= RECORDS PROVIDED =
○ ○ ○ ○ ○ ○ ○
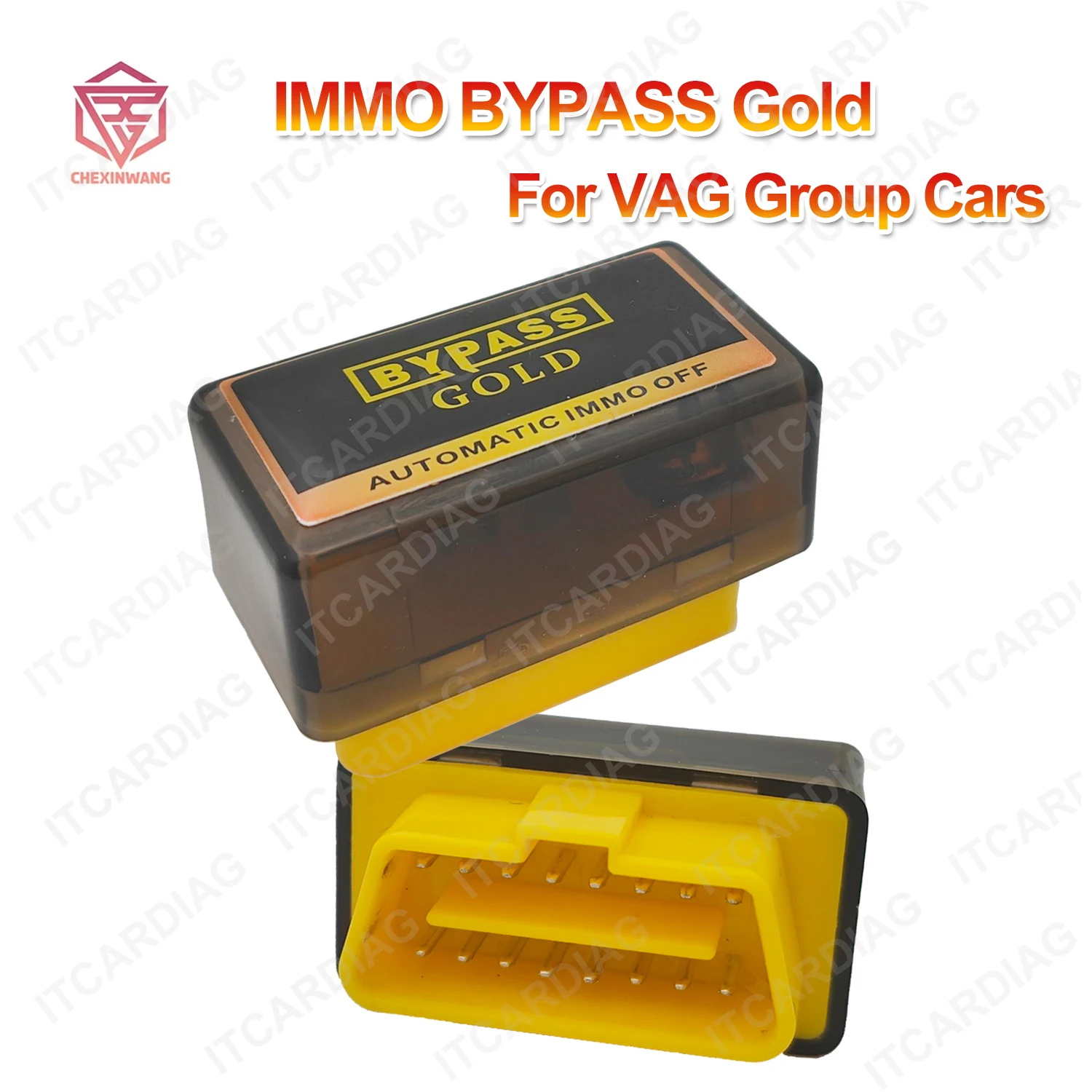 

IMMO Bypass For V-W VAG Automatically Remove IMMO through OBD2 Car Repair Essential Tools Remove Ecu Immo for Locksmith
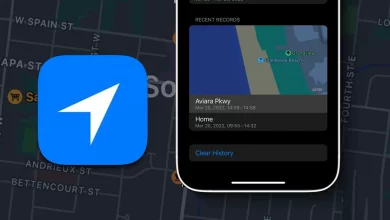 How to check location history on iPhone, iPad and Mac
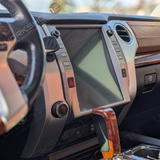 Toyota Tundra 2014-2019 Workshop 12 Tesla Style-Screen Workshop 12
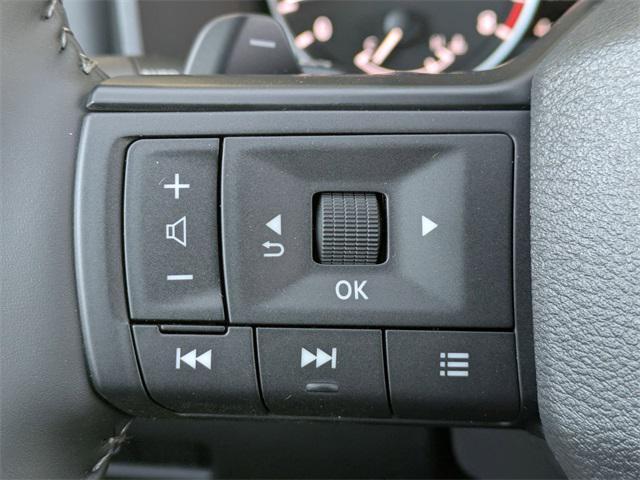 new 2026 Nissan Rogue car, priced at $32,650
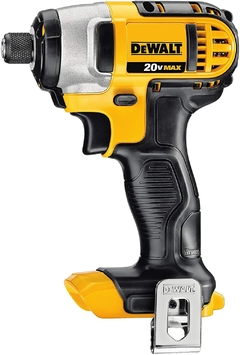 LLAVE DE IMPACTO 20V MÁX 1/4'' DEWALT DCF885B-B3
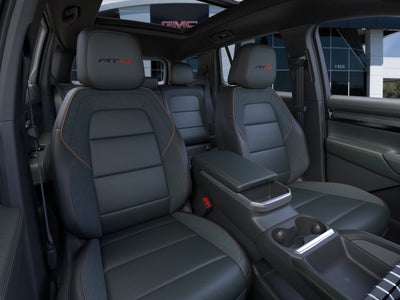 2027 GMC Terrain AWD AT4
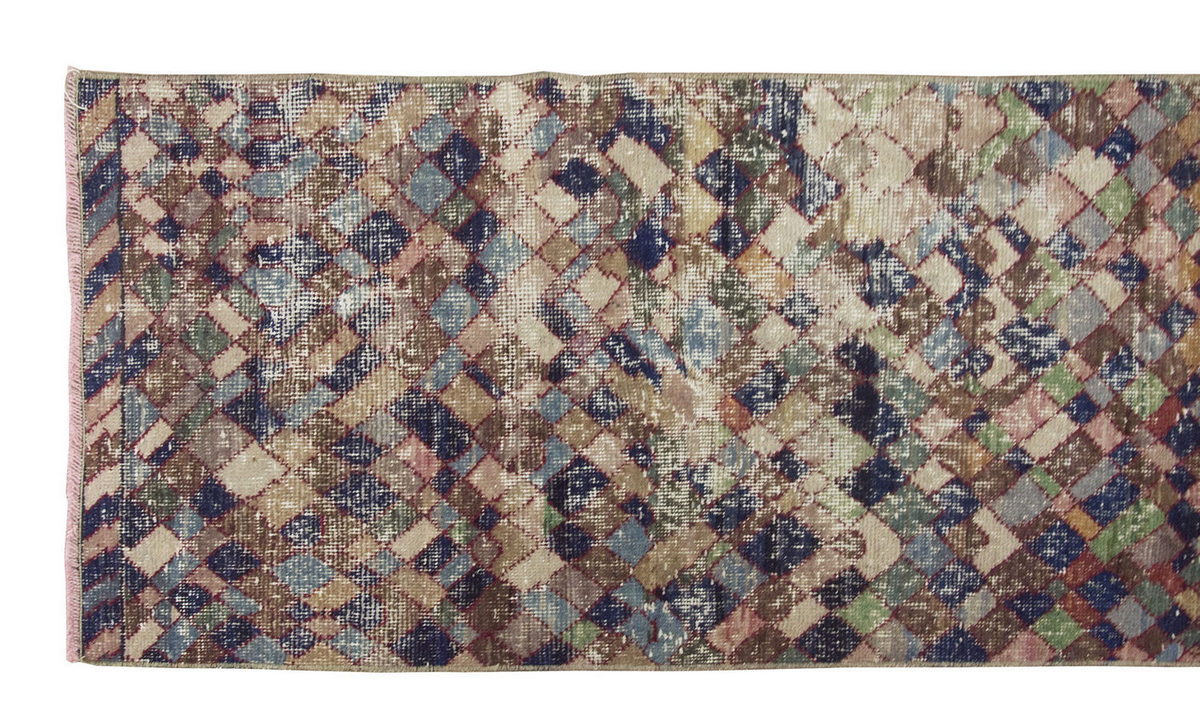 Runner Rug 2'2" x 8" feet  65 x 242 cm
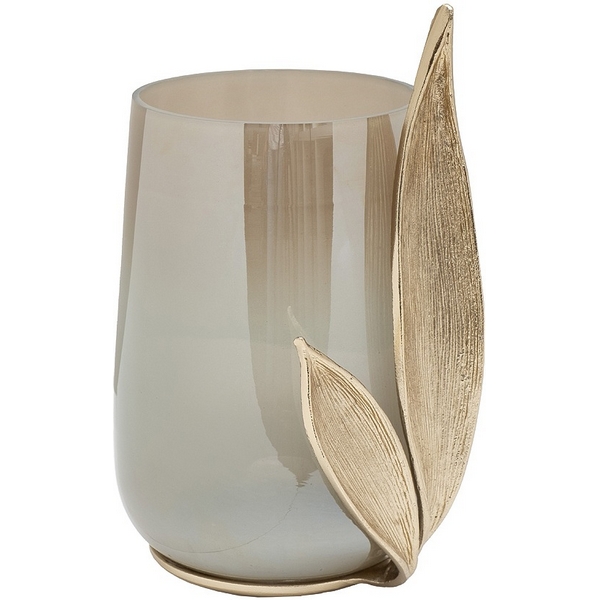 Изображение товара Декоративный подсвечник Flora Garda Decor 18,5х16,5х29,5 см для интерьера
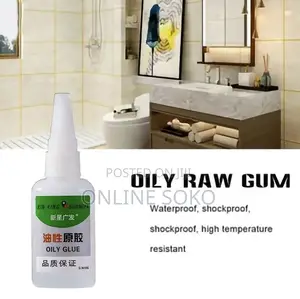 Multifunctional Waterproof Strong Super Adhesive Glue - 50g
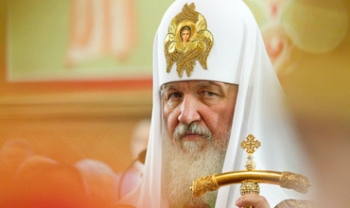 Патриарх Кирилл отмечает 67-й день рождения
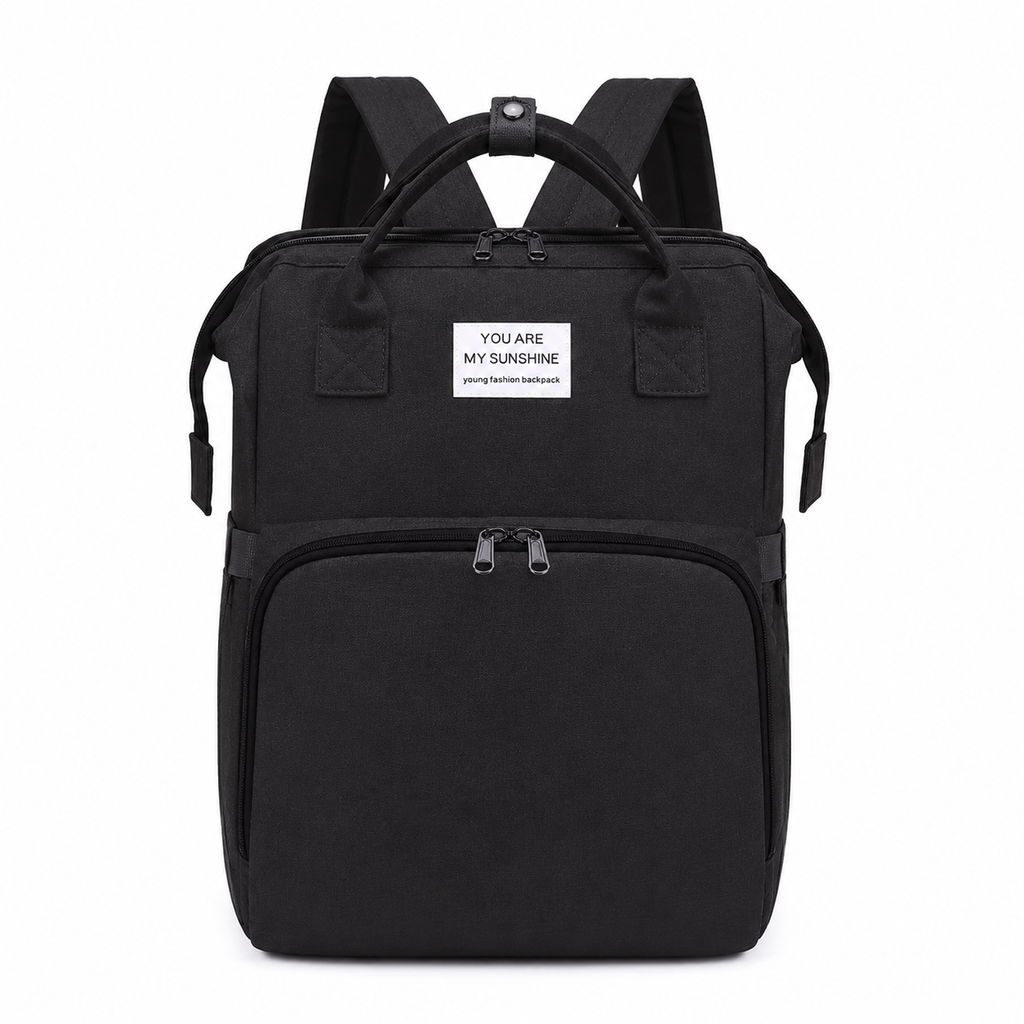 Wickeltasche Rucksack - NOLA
○ ○ ○ ○ ○ ○ ○
Transcribe the whole listing, character for character, but not its images.

IMMO Bypass For V-W VAG Automatically Remove IMMO through OBD2 Car Repair Essential Tools Remove Ecu Immo for Locksmith
 How to check location history on iPhone, iPad and Mac
 Toyota Tundra 2014-2019 Workshop 12 Tesla Style-Screen Workshop 12
 new 2026 Nissan Rogue car, priced at $32,650
 LLAVE DE IMPACTO 20V MÁX 1/4'' DEWALT DCF885B-B3
 2027 GMC Terrain AWD AT4
 Runner Rug 2'2" x 8" feet  65 x 242 cm
 Изображение товара Декоративный подсвечник Flora Garda Decor 18,5х16,5х29,5 см для интерьера
 Multifunctional Waterproof Strong Super Adhesive Glue - 50g
 Патриарх Кирилл отмечает 67-й день рождения
 Wickeltasche Rucksack - NOLA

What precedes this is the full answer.